- MATERIAL PROVIDED:
········

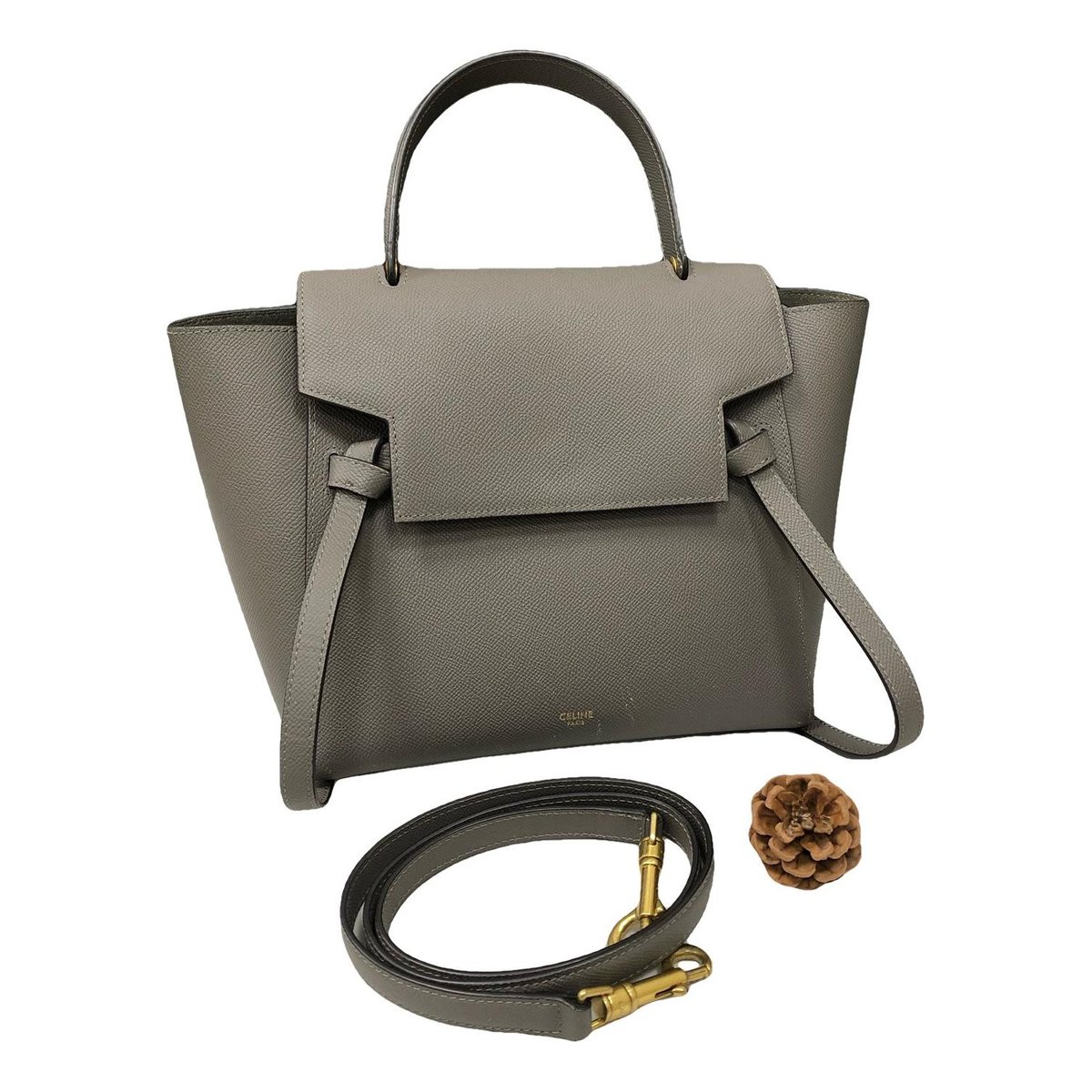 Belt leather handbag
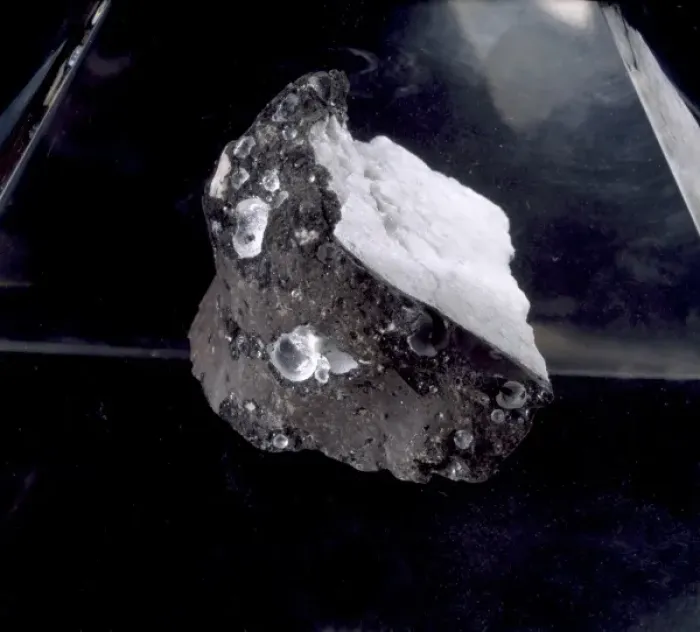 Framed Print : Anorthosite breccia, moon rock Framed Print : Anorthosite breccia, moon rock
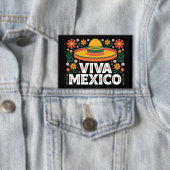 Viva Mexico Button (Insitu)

········

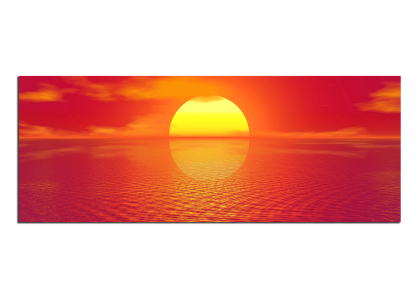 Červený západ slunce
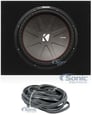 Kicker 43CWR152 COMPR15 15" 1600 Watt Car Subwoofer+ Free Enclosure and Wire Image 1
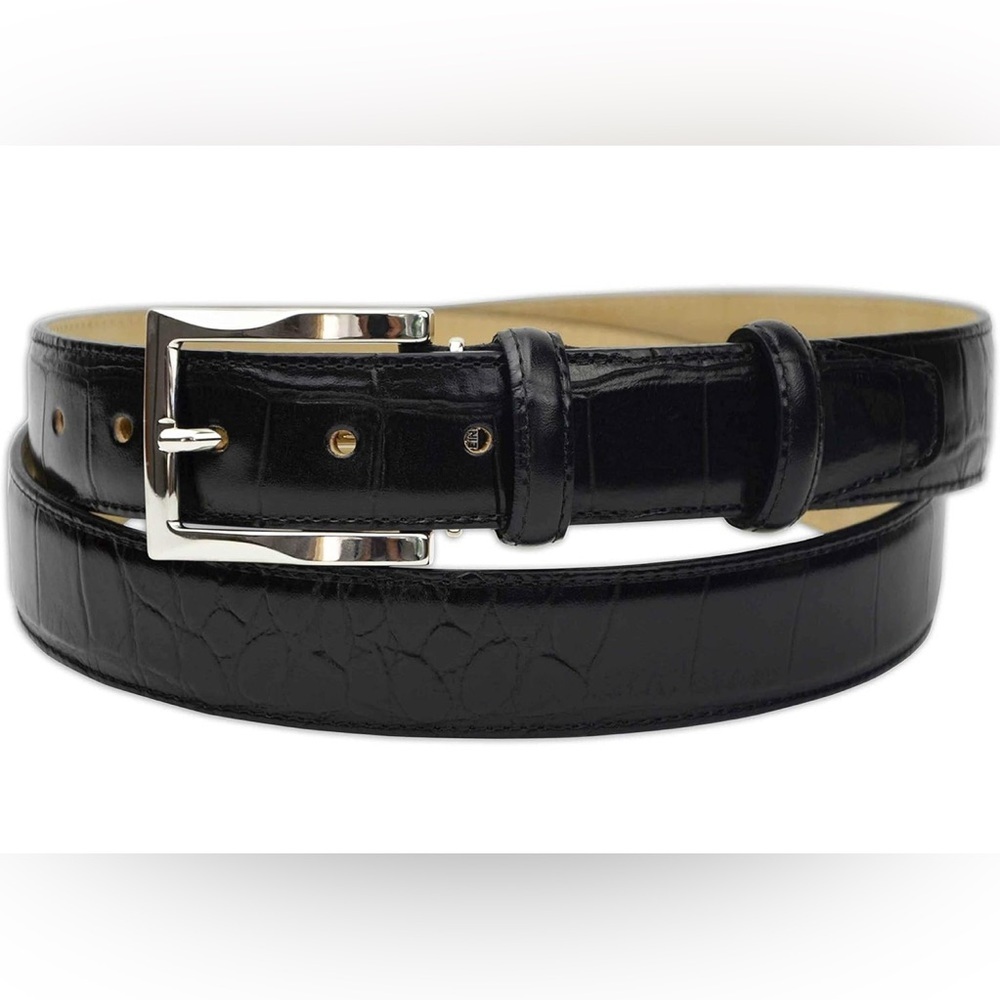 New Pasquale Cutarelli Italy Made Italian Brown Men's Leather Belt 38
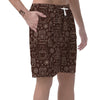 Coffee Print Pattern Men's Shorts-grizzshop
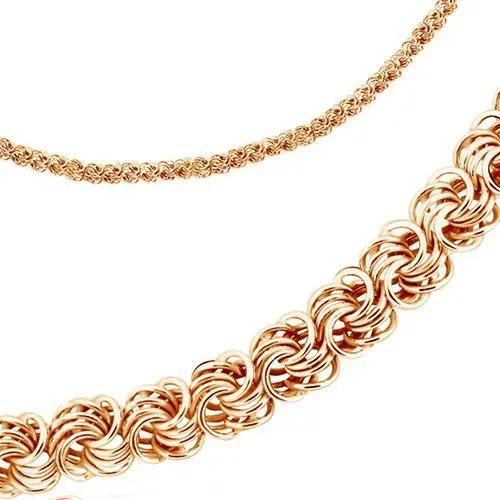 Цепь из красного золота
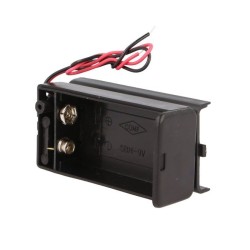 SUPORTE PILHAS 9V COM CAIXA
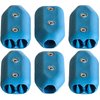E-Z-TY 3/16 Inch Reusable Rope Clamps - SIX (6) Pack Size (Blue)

········

- TASK TO CARRY OUT:
From the records above, output only the lines starting at the one containing "Belt leather handbag" and ending at the one containing "Viva Mexico Button (Insitu)", word for word. Pictures stay out.

- EXERCISE RESULT:
 Belt leather handbag
 Framed Print : Anorthosite breccia, moon rock Framed Print : Anorthosite breccia, moon rock
 Viva Mexico Button (Insitu)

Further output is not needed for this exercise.